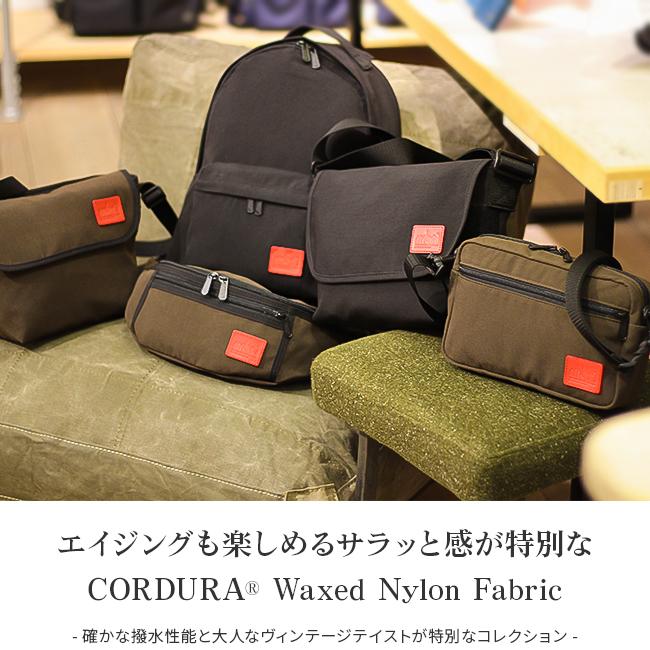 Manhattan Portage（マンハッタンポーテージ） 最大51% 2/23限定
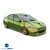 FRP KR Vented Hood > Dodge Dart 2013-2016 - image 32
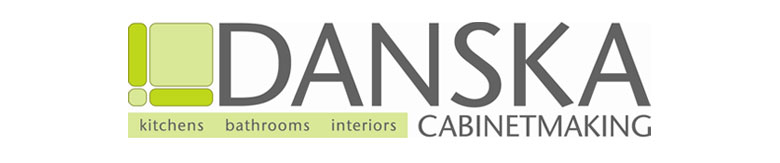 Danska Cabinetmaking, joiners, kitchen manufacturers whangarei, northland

**EXERCISE DESCRIPTION:** Omit each picture, then return all of the listing exactly as it stands.

**TASK RESULT:**
 Manhattan Portage（マンハッタンポーテージ） 最大51% 2/23限定
 FRP KR Vented Hood > Dodge Dart 2013-2016 - image 32
 Danska Cabinetmaking, joiners, kitchen manufacturers whangarei, northland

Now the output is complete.